ACTIVITY:
The required answer is each line in the entries below where "perjuicio" occurs.

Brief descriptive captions
⟨
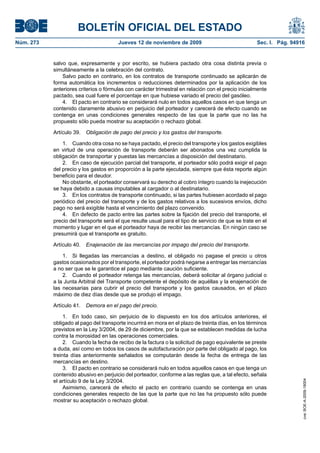 BOLETÍN OFICIAL DEL ESTADO
Núm. 273                               Jueves 12 de noviembre de 2009                               Sec. I. Pág. 94916


           salvo que, expresamente y por escrito, se hubiera pactado otra cosa distinta previa o
           simultáneamente a la celebración del contrato.
               Salvo pacto en contrario, en los contratos de transporte continuado se aplicarán de
           forma automática los incrementos o reducciones determinados por la aplicación de los
           anteriores criterios o fórmulas con carácter trimestral en relación con el precio inicialmente
           pactado, sea cual fuere el porcentaje en que hubiese variado el precio del gasóleo.
               4. El pacto en contrario se considerará nulo en todos aquellos casos en que tenga un
           contenido claramente abusivo en perjuicio del porteador y carecerá de efecto cuando se
           contenga en unas condiciones generales respecto de las que la parte que no las ha
           propuesto sólo pueda mostrar su aceptación o rechazo global.

           Artículo 39.   Obligación de pago del precio y los gastos del transporte.

               1. Cuando otra cosa no se haya pactado, el precio del transporte y los gastos exigibles
           en virtud de una operación de transporte deberán ser abonados una vez cumplida la
           obligación de transportar y puestas las mercancías a disposición del destinatario.
               2. En caso de ejecución parcial del transporte, el porteador sólo podrá exigir el pago
           del precio y los gastos en proporción a la parte ejecutada, siempre que ésta reporte algún
           beneficio para el deudor.
               No obstante, el porteador conservará su derecho al cobro íntegro cuando la inejecución
           se haya debido a causas imputables al cargador o al destinatario.
               3. En los contratos de transporte continuado, si las partes hubiesen acordado el pago
           periódico del precio del transporte y de los gastos relativos a los sucesivos envíos, dicho
           pago no será exigible hasta el vencimiento del plazo convenido.
               4. En defecto de pacto entre las partes sobre la fijación del precio del transporte, el
           precio del transporte será el que resulte usual para el tipo de servicio de que se trate en el
           momento y lugar en el que el porteador haya de recibir las mercancías. En ningún caso se
           presumirá que el transporte es gratuito.

           Artículo 40.   Enajenación de las mercancías por impago del precio del transporte.

               1. Si llegadas las mercancías a destino, el obligado no pagase el precio u otros
           gastos ocasionados por el transporte, el porteador podrá negarse a entregar las mercancías
           a no ser que se le garantice el pago mediante caución suficiente.
               2. Cuando el porteador retenga las mercancías, deberá solicitar al órgano judicial o
           a la Junta Arbitral del Transporte competente el depósito de aquéllas y la enajenación de
           las necesarias para cubrir el precio del transporte y los gastos causados, en el plazo
           máximo de diez días desde que se produjo el impago.

           Artículo 41.   Demora en el pago del precio.

                1. En todo caso, sin perjuicio de lo dispuesto en los dos artículos anteriores, el
           obligado al pago del transporte incurrirá en mora en el plazo de treinta días, en los términos
           previstos en la Ley 3/2004, de 29 de diciembre, por la que se establecen medidas de lucha
           contra la morosidad en las operaciones comerciales.
                2. Cuando la fecha de recibo de la factura o la solicitud de pago equivalente se preste
           a duda, así como en todos los casos de autofacturación por parte del obligado al pago, los
           treinta días anteriormente señalados se computarán desde la fecha de entrega de las
           mercancías en destino.
                3. El pacto en contrario se considerará nulo en todos aquellos casos en que tenga un
           contenido abusivo en perjuicio del porteador, conforme a las reglas que, a tal efecto, señala
           el artículo 9 de la Ley 3/2004.
                                                                                                                     cve: BOE-A-2009-18004




                Asimismo, carecerá de efecto el pacto en contrario cuando se contenga en unas
           condiciones generales respecto de las que la parte que no las ha propuesto sólo puede
           mostrar su aceptación o rechazo global.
⟩
TASK RESPONSE:
           contenido claramente abusivo en perjuicio del porteador y carecerá de efecto cuando se
                1. En todo caso, sin perjuicio de lo dispuesto en los dos artículos anteriores, el
           contenido abusivo en perjuicio del porteador, conforme a las reglas que, a tal efecto, señala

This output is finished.